My dispute with Levine turns upon a question of literary history, but it has wider ramifications. He has deduced from Victorian and modern novels that between 1850 and 1920 certain changes took place in the rules that guided both scientists and literary men in their efforts to give form to “the unmediated reality” around them. The novels he has read with notable vigor and power are deemed to embody these changes. But the rules, these axioms of cognition, don’t change often or quickly: a different set of novels—e.g., by the writers I’ve mentioned—would support that conviction. Levine implies a fairly direct relation between nineteenth-century science and epistemology and the corresponding novels. But novelists are often remarkably selective in what they choose to care about.

Mention of Fredric Jameson reminds me that, far from accepting the demise or transcendence of Realism, he has called for a new Realism mainly in Lukács’s terms, going back to his History and Class Consciousness (1923). Such a realism would involve, in Jameson’s version, “the forcible reopening of access to a sense of society as a totality, and the reinvention of possibilities of cognition and perception that allow social phenomena once again to become transparent, as moments of the struggle between classes.” Jameson knows that one of the effects of a capitalist system is the confusion that comes from class: he thinks of it as damage, but that the damage can be undone. I don’t share his sense of damage, or his particular form of hope.
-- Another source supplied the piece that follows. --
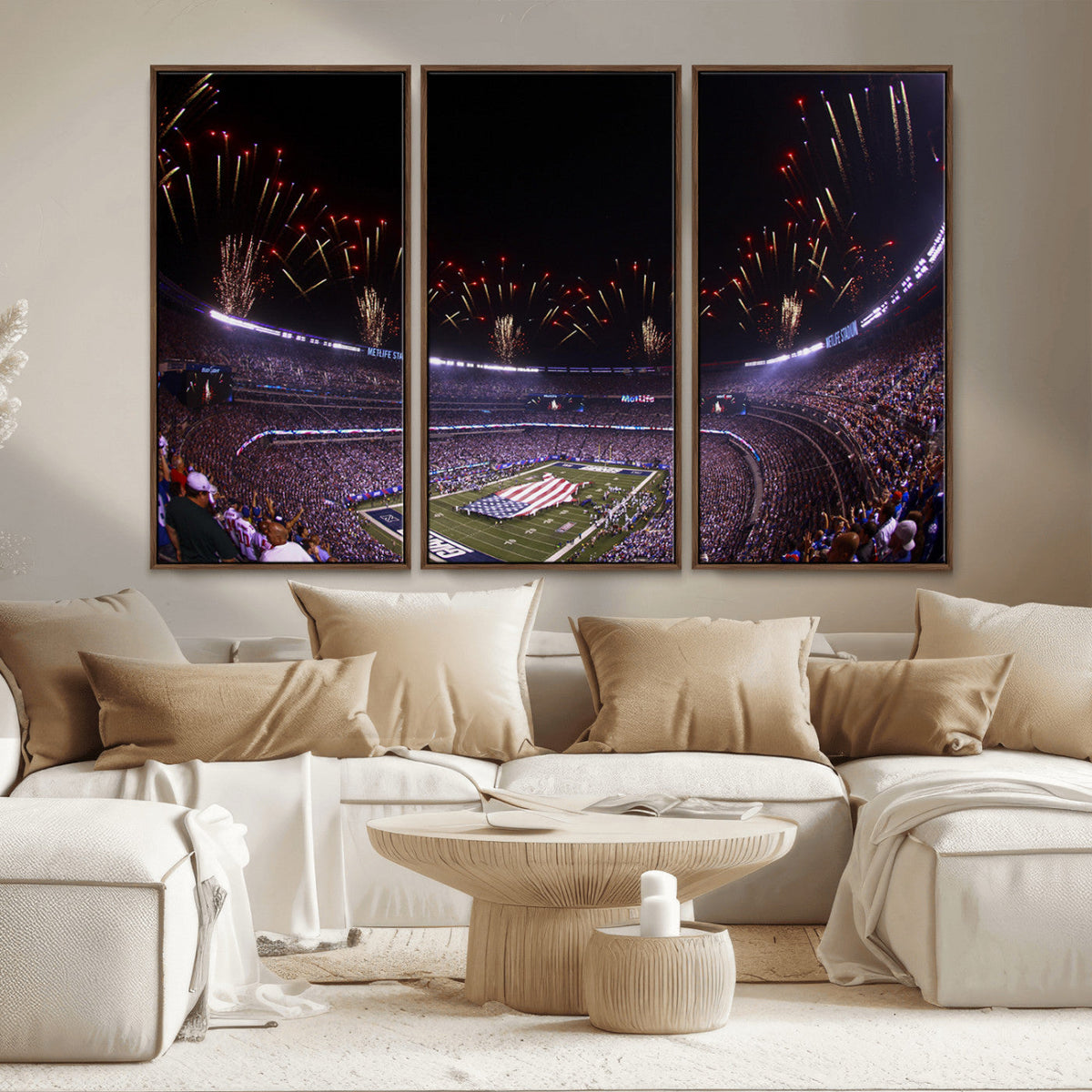 New York Giants Football Team Print - East Rutherford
Workers in every capitalist country are trampling upon one another to get into the middle class; I doubt most of them have desires distinct from a bourgeois image of fulfillment. Historical nostalgia is Jameson’s problem; he has a Marxist solution, so he needs a Marxist predicament to which it can be applied.
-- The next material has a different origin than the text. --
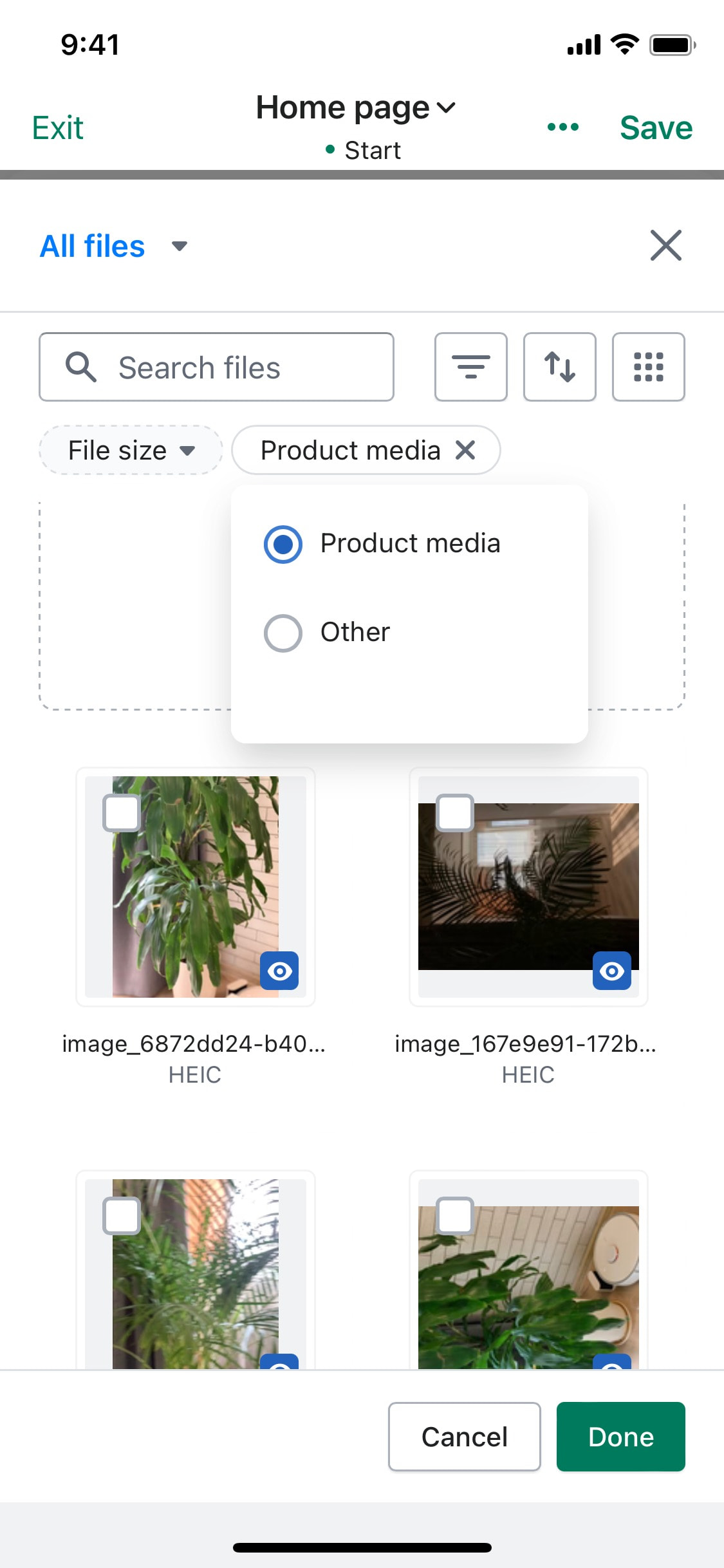 Shopify iOS screen 613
Levine’s argument is that nineteenth-century Realism stayed fairly confidently in possession of itself and of the experience it negotiated only for a relatively short time. Subversion began early. Or at least misgivings about Realism and its ability to keep its promises. I’m not convinced: I think the rhythm of literary history, as he senses it, has forced him into a premature narrative. I take heart from Auerbach’s Mimesis (1946), a study of the representation of reality in Western literature.

Auerbach finds it reasonable to examine texts from the Old Testament and the Odyssey to Virginia Woolf’s To the Lighthouse, and to refer without fuss to “Homer’s realism.” In the last chapter Woolf’s Mrs. Ramsay is the reality to be represented, and Auerbach’s account of To the Lighthouse clarifies “the design of a close approach to objective reality by means of numerous subjective impressions received by various individuals and at various times.” If it is possible to speak of Homer’s realism and then of Virginia Woolf’s realism, without sinking their differences, the reason is that Realism, in some flexibly defined sense, is perennial. The merit of Auerbach’s method—his book consists of a series of closely analyzed examples of literary representation, ancient and modern—is that it does not require him to present Realism as doomed, at every moment, to face its dying into something else.

We come back to the first question. Why should anyone care? What is at stake in a dispute about Realism? The answer is that Realism, like every form of opposition to it, is an ideology, a force of society that pretends to be a force of nature and acts upon that pretense. If I say, citing Auerbach in support, that Realism is perennial, I am trying to gain for a preference something of the authority attaching to a law of nature. Every ideology is an attempt to gain power and hold it: the only future an ideology wants is one of power. The literature of Realism is an attempt to prescribe the terms, the sense of life, the sense of the world, in which power will be exercised. That is why it matters. The fact that the power of literature is notional rather than real displaces the consideration of power from actions to attitudes; but some attitudes become actions in the long run, and then their power becomes evident.